August 11, 2008
Ex-PM’s no return a boost for Thai bourse
The stock market in Thailand saw its key index climb as high as 3.3 percent Monday morning amid hopes Thaksin's removal from the political scene would lower the chances of street clashes, or worse, between his supporters and opponents, reported Reuters.
Deposed premier Thaksin Shinawatra and his wife Pojaman failed to appear Monday morning before the Supreme Court's Criminal Division for Holders of Political Positions in a case involving an allegedly unlawful purchase of real estate.
Thailand’s benchmark stock index was up 17.24 points, or 2.5 percent, Monday morning while the main index rose as much as 2.97 percent to 711.20, its highest since July 15.
Any market rise, however, would be limited as the index had started to factor in the Thaksin developments from last Thursday, Reuters quoted some analysts as saying. In addition, the
recent fall in oil prices and freight rates should prompt selling of energy shares and shipping firms.
Thaksin, in a hand-written statement released to the media, said Monday he will not return home to face graft charges but will remain in Britain, blaming political interference in the justice system.
Thaksin’s statement, which did not mention asking for asylum, was read Monday afternoon on state-run television NBT, formerly Channel 11.
Thaksin said his decision to leave Thailand again, less than six months after returning from post-coup exile, had been necessary because his enemies had been meddling in the judicial system "to finish off myself and my family".
"These are my political enemies. They don't care about the rule of law, facts or internationally recognised due process," he said.
Thaksin had been on bail of 8 million baht ($237,000). More than $2 billion of his assets remain frozen in Thai bank accounts. It is not known what will happen to that cash.
Thaksin and his wife Pojaman were in Beijing over the weekend for the opening of the Olympics, and rumours have circulated in Thailand that the pair would remain overseas as corruption cases mount against them.
Pojaman was convicted on July 31 of tax evasion and released on bail, and the couple had been ordered to appear before the Supreme Court on Monday to defend themselves in a separate property case.
The pair had to seek special permission from Thai courts to travel overseas since both face a raft of corruption charges that were instigated by the military junta, which overthrew Thaksin in September 2006.
Thaksin travelled to Japan on July 31, and his wife flew to Beijing to join him on Thursday. A former legal advisor close to Thaksin said they had both now flown to Britain.

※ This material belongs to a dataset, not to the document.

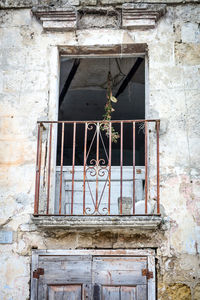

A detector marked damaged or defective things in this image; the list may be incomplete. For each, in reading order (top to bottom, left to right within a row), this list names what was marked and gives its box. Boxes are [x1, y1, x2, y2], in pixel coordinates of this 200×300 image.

Thaksin, a billionaire telecoms tycoon turned politician, spent 18 months in self-imposed exile after the coup, spending most of his time in Britain, where he owns a home.
His decision to flee rather than fight the potentially explosive corruption charges in court could mean the beginning of the end of the political turmoil that has dogged Thailand's government and markets for the past three years.
The telecoms billionaire owns UK football club Manchester City and has a property in a swish London district. At least one of his adult children is studying in London.
After his removal by the army in 2006, mainly on the pretext of "rampant corruption", Thaksin spent much of his time in the British capital, as well as in Hong Kong and Beijing.
Thailand's post-coup government looked into trying to extradite Thaksin under a bilateral criminal treaty signed with Britain in 1911 but never lodged a formal request.
The treaty, signed while Thailand was called Siam and ruled by an absolute monarchy, still applies today, although Thaksin would be likely to argue he was the victim of a political witch-hunt.